Como é sabido, as coisas passaram-se realmente assim. Se se toma o período de Cantão, da revolução chinesa, o período em que as tropas nacionais foram dar no Iang Tze-Kiang, o período anterior à cisão do Kuomintang, não é possível deixar de reconhecer que a burguesia chinesa apoiou a revolução na China e que a linha da Internacional Comunista sobre o caráter admissível das ações conjuntas com esta burguesia, por um certo prazo e em certas condições, mostrou ser completamente justa.

Em conseqüência — a oposição abandonou sua velha fórmula e proclamou a “nova” fórmula: as ações conjuntas com a burguesia chinesa são necessárias, e os comunistas não devem sair do Kuomintang (abril de 1927).

Foi o primeiro castigo da oposição, que a atingiu porque ela não queria levar em conta as particularidades nacionais da revolução chinesa.

A oposição ouviu dizer que o governo de Pequim tinha um litígio com os representantes dos Estados imperialistas sobre a questão da autonomia alfandegária da China.

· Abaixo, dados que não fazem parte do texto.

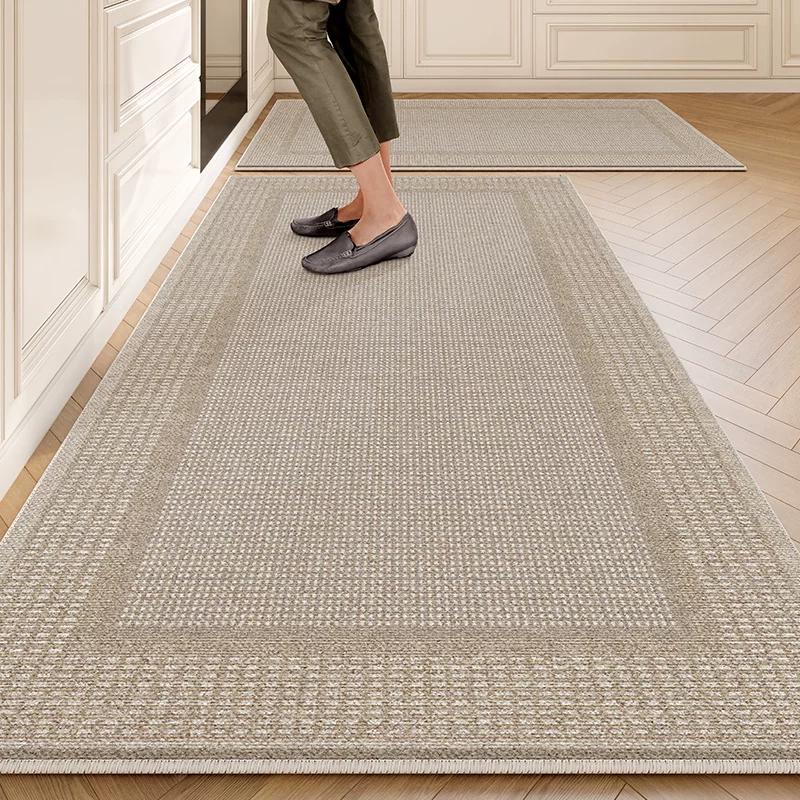 Kitchen floor mat, waterproof, anti slip, oil resistant, erasable, non washable, dirt resistant, specialized for household use, floor mat, carpet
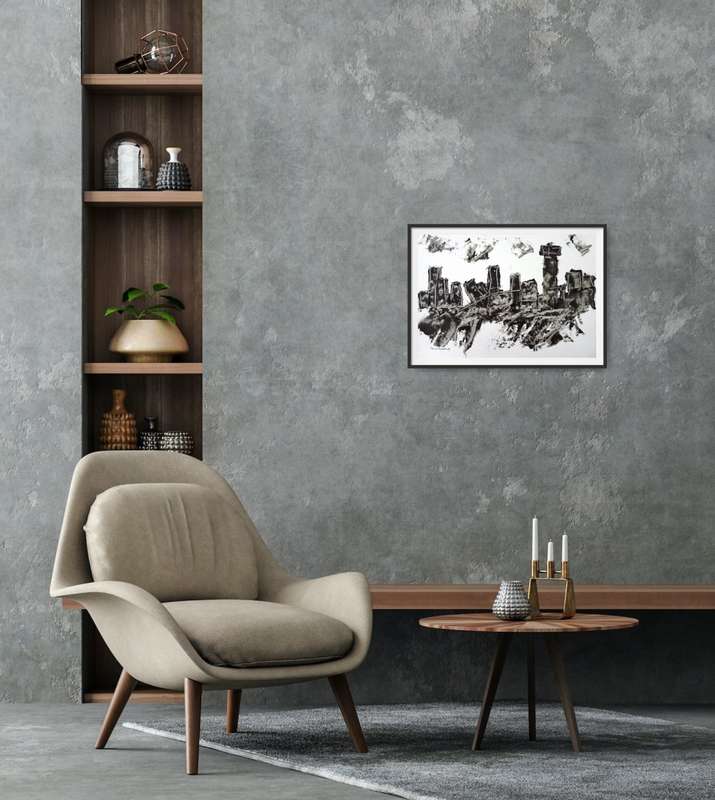 Hilton Edwards Abstract Art Painting - cityscape
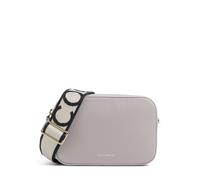 Coccinelle Tebe Umhängetasche hellgrau, genarbtes Leder, Damen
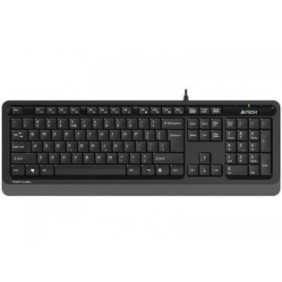 Tastatura a4tech cu fir 104 taste format standard usb negru & gri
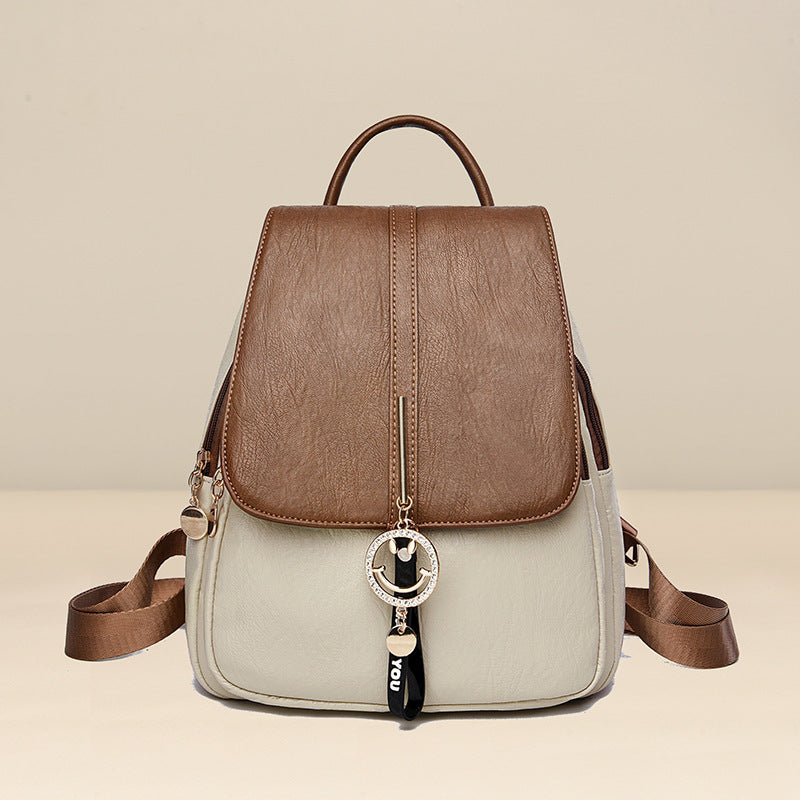 Women's Textured Simple Trendy Practical Lightweight Women's Backpack
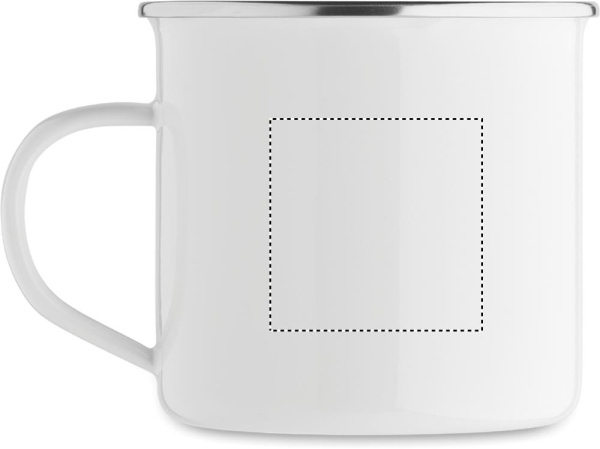Emaliuotas sublimacinis puodelis 500 ml: Logotipo vieta – naudoti kaire ranka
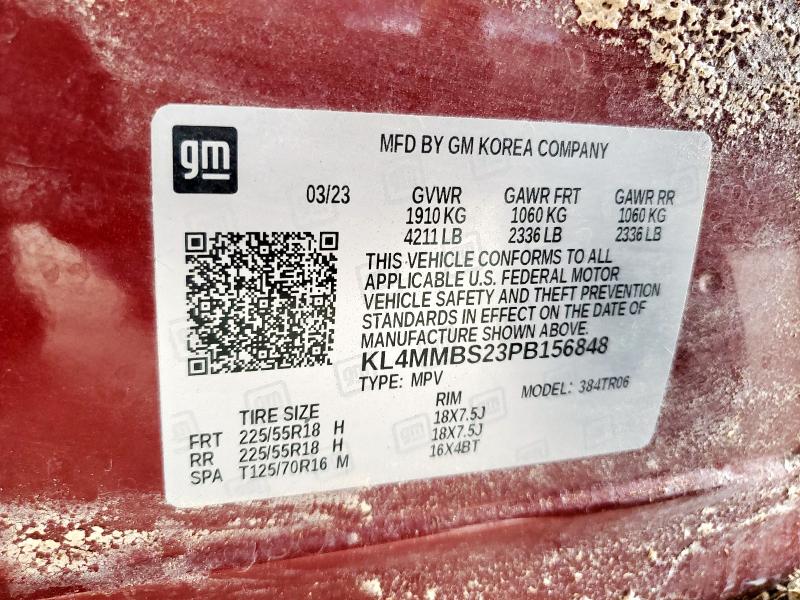 2023 BUICK ENCORE GX KL4MMBS23PB156848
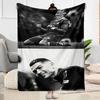 Football Legend Celebration Blanket Soft Warm Cozy Perfect for Chair Picnics Seaside All-Season Use Modern Style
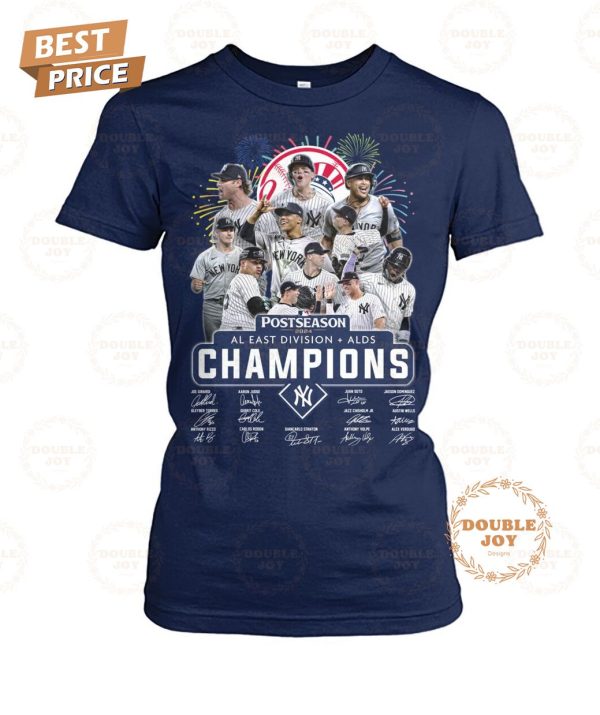 New York Yankees Postseason 2024 AL East Division ALDS Champions 2D T-Shirt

A oposição sabe que a autonomia alfandegária é necessária sobretudo aos capitalistas chineses. Daí a fórmula pronta: a revolução chinesa é nacional, anti-imperialista, porque tem como objetivo principal conquistar a autonomia alfandegária da China.

Mas a oposição esqueceu que a força do imperialismo na China não consiste sobretudo nas limitações alfandegárias da China, e sim no fato de que ele domina, aí, as fábricas, as usinas, as minas, as estradas de ferro, a navegação, os bancos, os escritórios comerciais, que sugam o sangue dos operários e dos camponeses da China, de muitos milhões.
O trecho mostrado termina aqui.